§ Goal of the exercise:
Of the lines in the data below, write out exactly those from the one holding "EX-L image 41" through the one holding "91家纺网 家纺一手货源 找家纺", both included.

§ Source records:

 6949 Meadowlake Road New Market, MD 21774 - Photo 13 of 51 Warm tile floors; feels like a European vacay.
...
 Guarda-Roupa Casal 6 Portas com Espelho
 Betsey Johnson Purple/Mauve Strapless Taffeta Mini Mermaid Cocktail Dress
* * *
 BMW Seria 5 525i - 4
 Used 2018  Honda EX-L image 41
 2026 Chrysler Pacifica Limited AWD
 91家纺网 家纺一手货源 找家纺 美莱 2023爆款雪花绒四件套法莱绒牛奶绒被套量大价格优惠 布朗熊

§ Answer below:
 Used 2018  Honda EX-L image 41
 2026 Chrysler Pacifica Limited AWD
 91家纺网 家纺一手货源 找家纺 美莱 2023爆款雪花绒四件套法莱绒牛奶绒被套量大价格优惠 布朗熊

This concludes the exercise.